Pourquoi une « valeur » carbone ?

Pourquoi une « valeur » carbone ?

 

Simon Létourneau, spécialiste de l’environnement, critique dans une tribune au « Monde » la notion de « valeur carbone », qui transforme en abstraction la réalité matérielle des émissions de CO₂.

 

Une critique très justifiée depuis que les écolos marxistes  et les économistes néolibéraux se sont entendus pour en quelque sorte marchandiser un facteur central de la qualité de l’environnement. Ces mêmes économistes longtemps opposés à toute approche environnementale ont récupéré la thématique pour l’intégrer dans une logique de prix et de marché. Quant aux écolos marxistes c’est un moyen supplémentaire de s’attaquer au capitalisme. Monétiser le carbone est une approche très réductrice de l’enjeu que cela représente pour l’environnement NDLR

 

 

Crédit carbone, dépense carbone, taxe carbone… Impossible de ne pas constater que le champ lexical de la finance envahit progressivement la littérature écologique. Cette démocratisation d’un vocabulaire a priori technique est en apparence bienvenue, mais elle a de quoi questionner.

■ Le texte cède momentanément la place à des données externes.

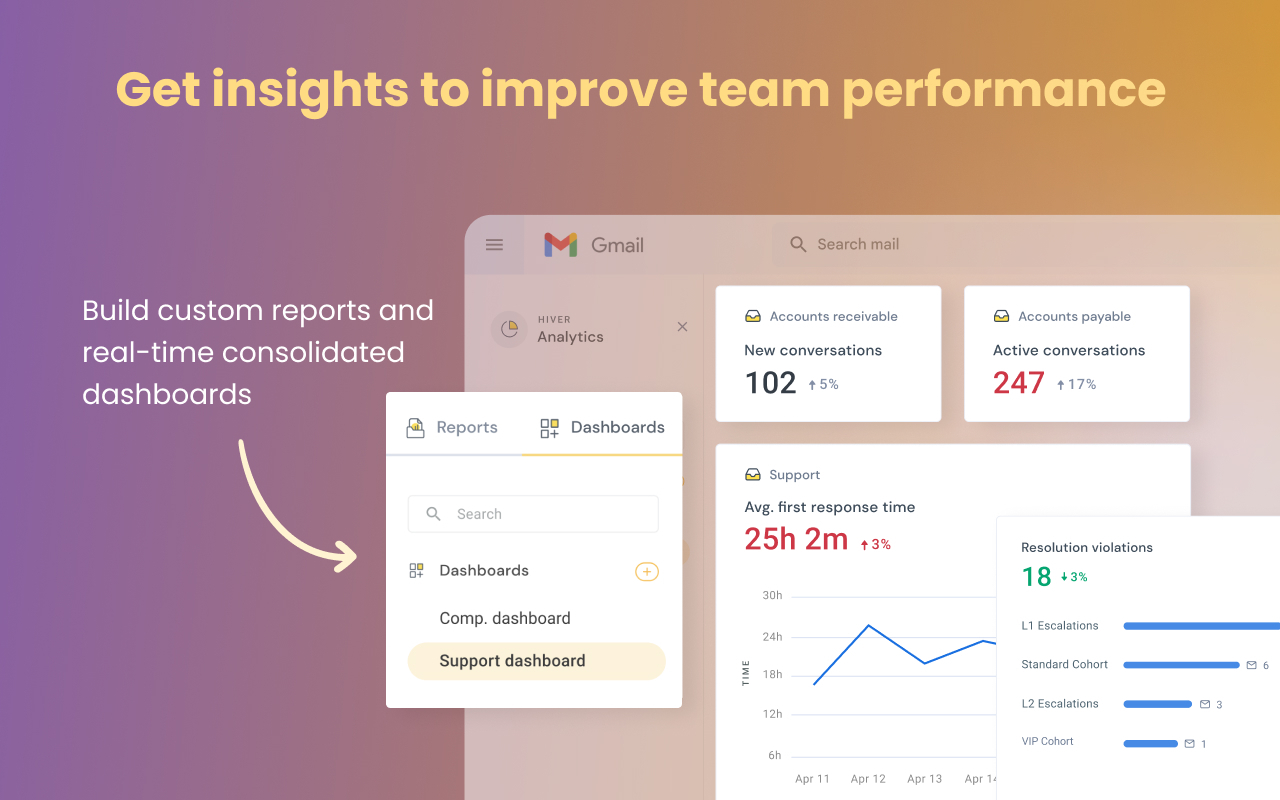 Hiver in Gmail: AI-powered customer service platform - 截图 3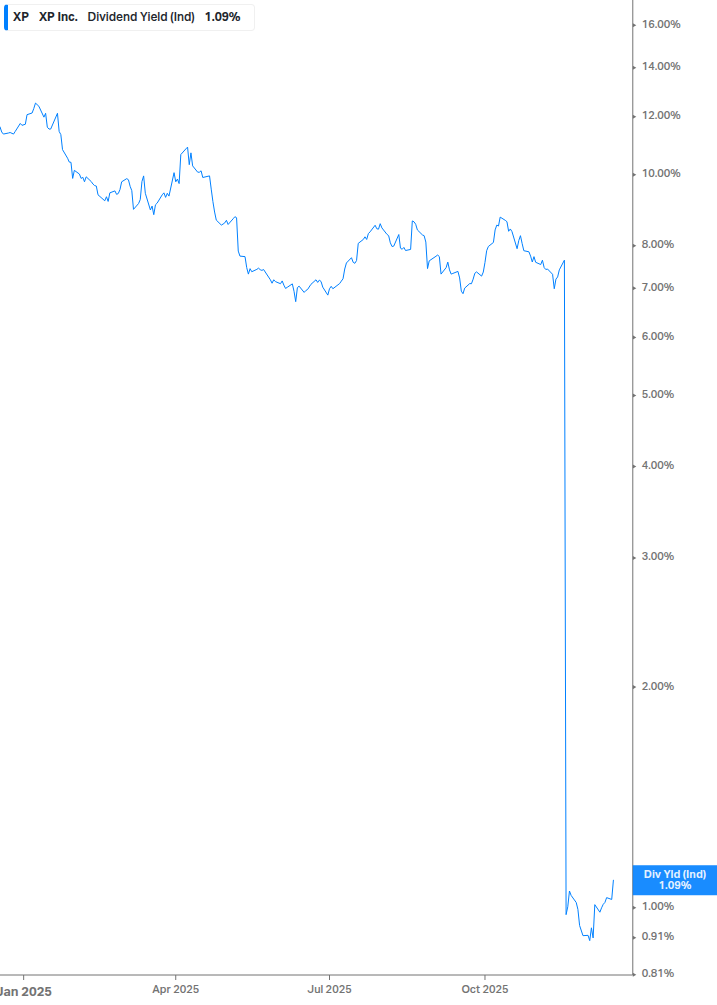 Dividend Yield Chart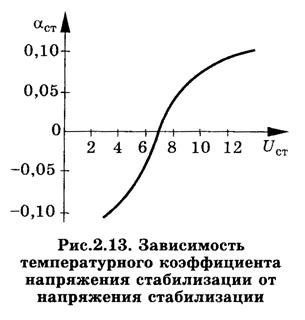 параметры выпрямительных диодов - student2.ru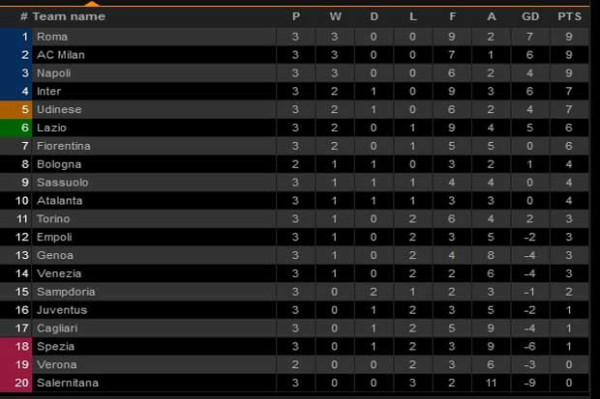 Hasil dan Klasemen Pertandingan Sepak Bola, Senin (13/9/2021)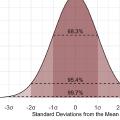 Foundation of Statistics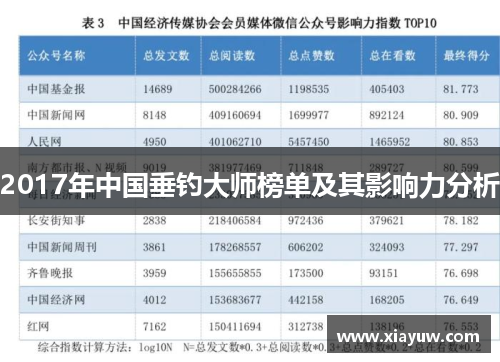 2017年中国垂钓大师榜单及其影响力分析 2017年中国垂钓大师榜单及其影响力分析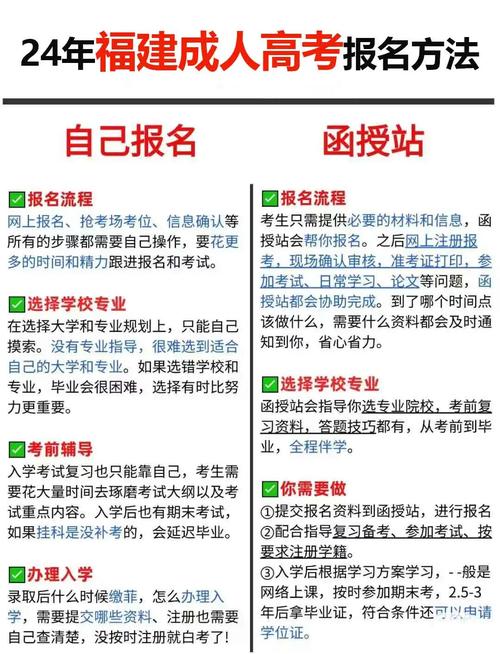 初中毕业函授大专要读几年？-图1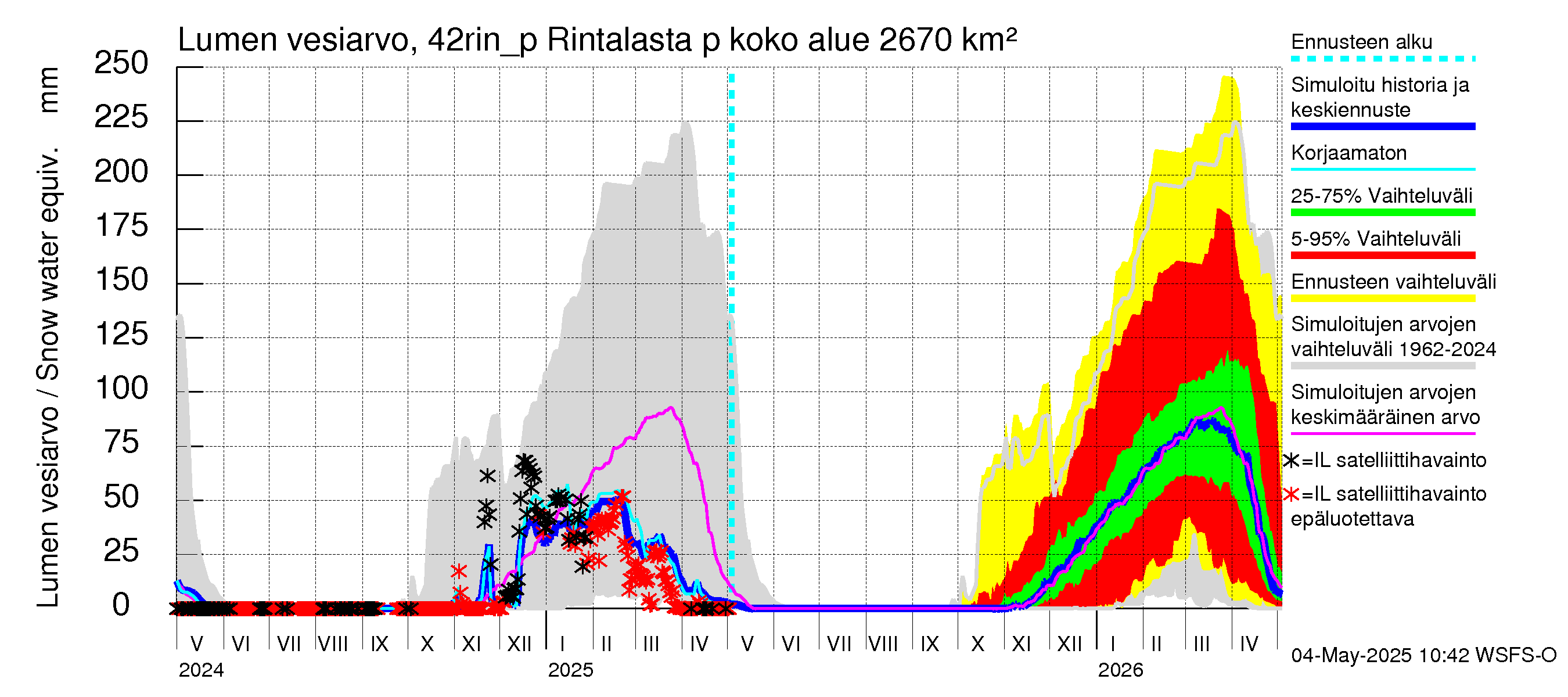 Kyrönjoen vesistöalue - Rintalasta pumpattava vesi: Lumen vesiarvo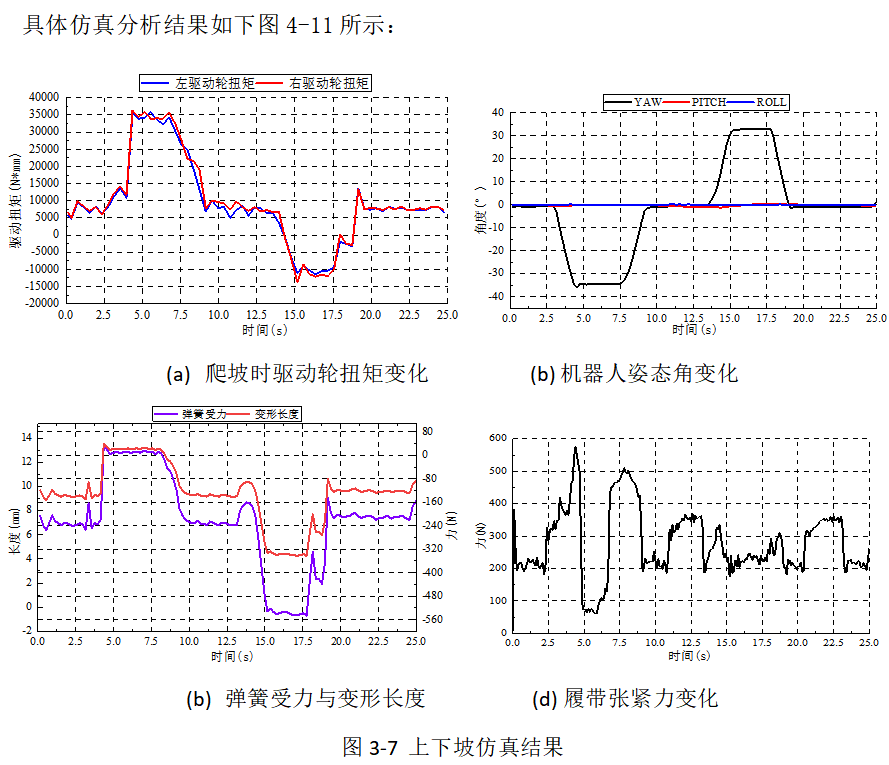 2024年RecurDyn優秀案例競賽作品分享：核探測機器人底盤設計與越障性能仿真驗證的圖14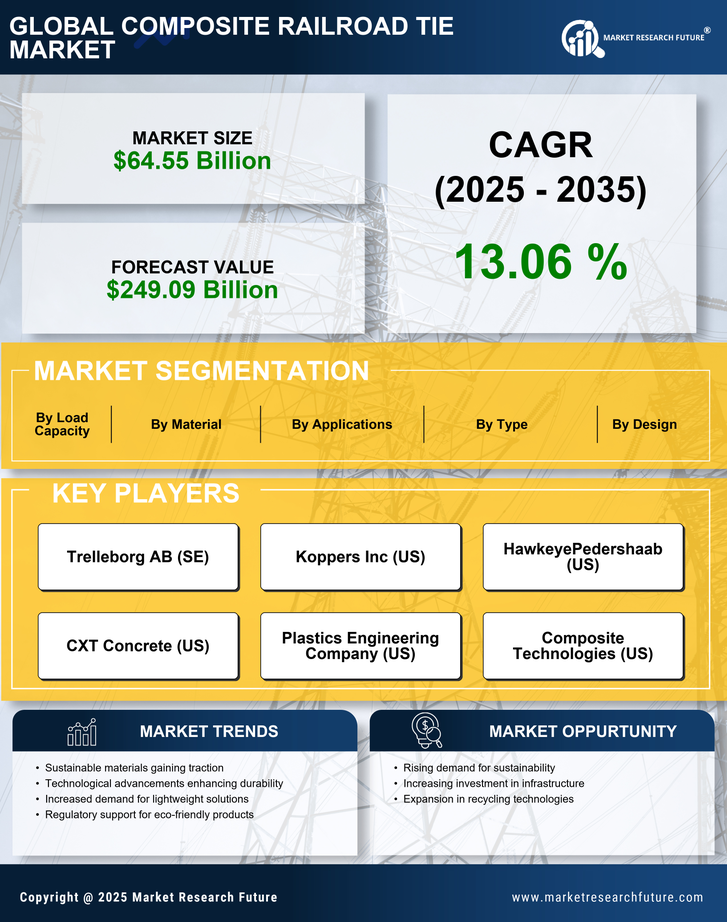 Composite Railroad Tie Market Research Report - Global Forecast by 2035 Infographic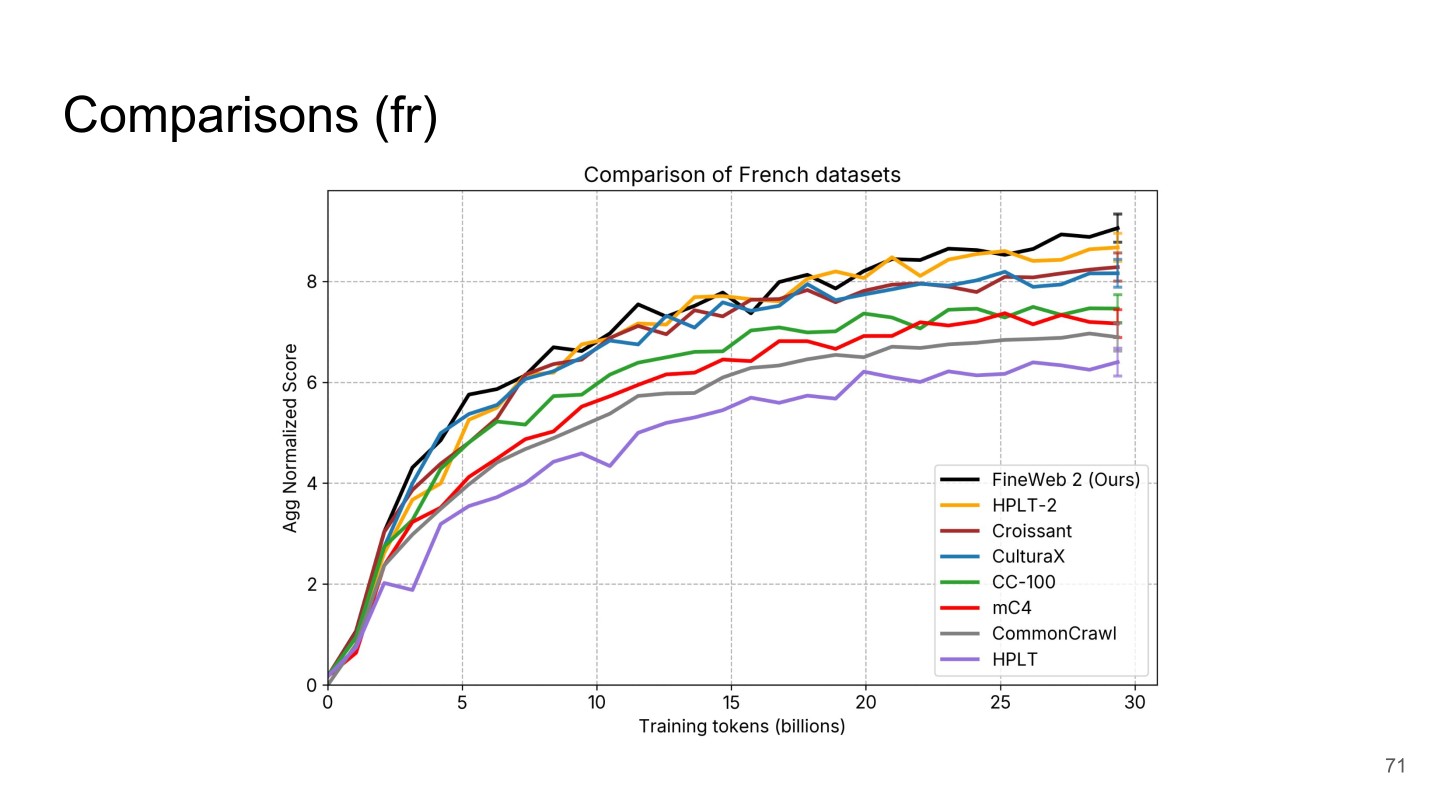 Page 71 of 74 from FineWeb 2 — Multilingual Web Data at Scale, included in Lucia Domenichelli's HPLT × NLPL Winter School notes.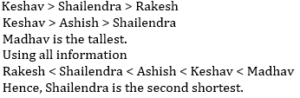 Reasoning Quiz For MPSC Group B and C Exams: 18 Oct 2022_6.1
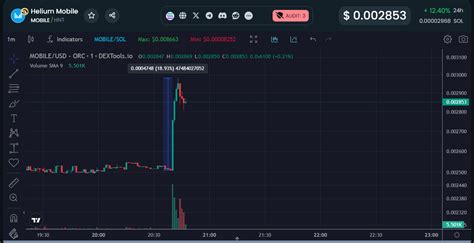 Son Dak Ka Bitcoin Borsas Coinbase Bu Altcoin I Listelemeye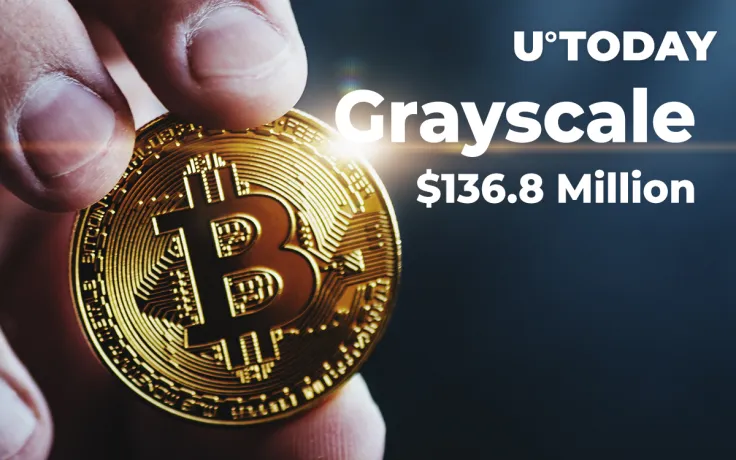 Grayscale Acquired $136.8 Million in Bitcoin Last Week as Institutions Continue to Embrace BTC 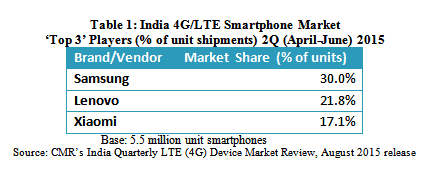 CMR's India LTE 4G Smartphone Market Top 3 Players 2Q CY 2015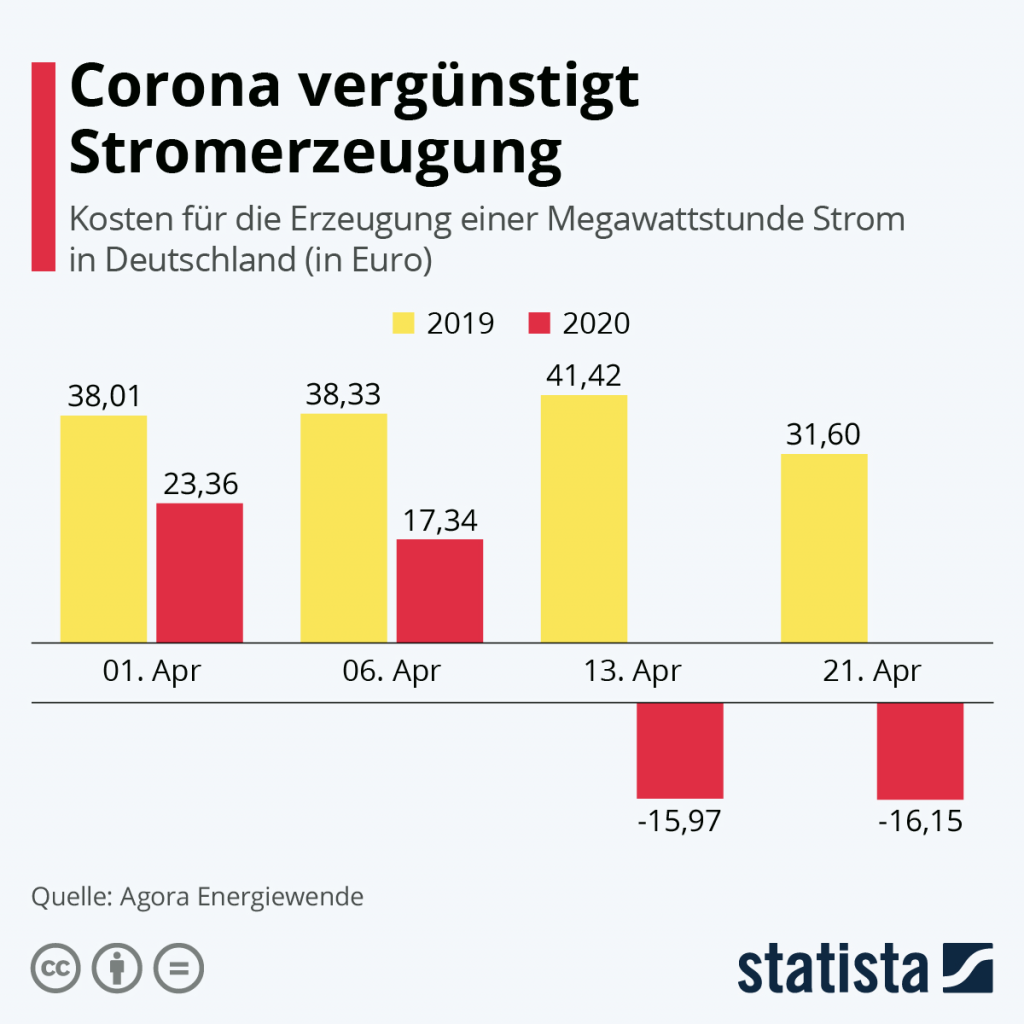 Infografik: Corona vergünstigt Stromerzeugung | Statista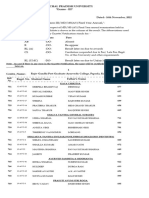 MD MS Oct 2022 (Ayurveda)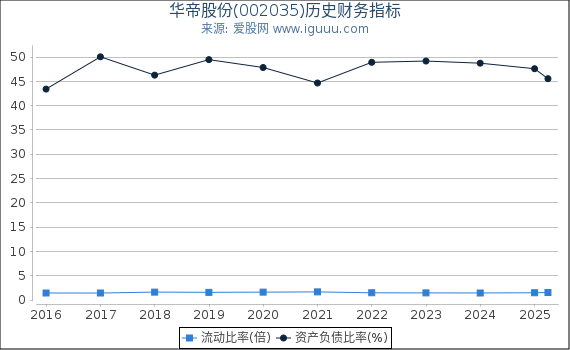 华帝股份(002035)股东权益比率、固定资产比率等历史财务指标图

En effet, user et abuser de tels vocables autour d’un sujet qui doit impérativement devenir bien plus précieux que l’immatérialité induite par la référence à l’argent ne nous éloigne-t-il finalement pas de l’enjeu concret souligné récemment par le Groupe d’experts intergouvernemental sur l’évolution du climat (GIEC) ?

Ainsi, le carbone se taxe, se dépense, se crédite, se compense. A l’instar de sa grande – et vieille – sœur, la monnaie. Ce choix de vocabulaire et de méthode est finalement peu étonnant, si l’on considère que les citoyens, les entreprises et les Etats peuvent et doivent se responsabiliser sur ce sujet, et conférer enfin une échelle de valeur environnementale à chacun de leurs gestes ou décisions.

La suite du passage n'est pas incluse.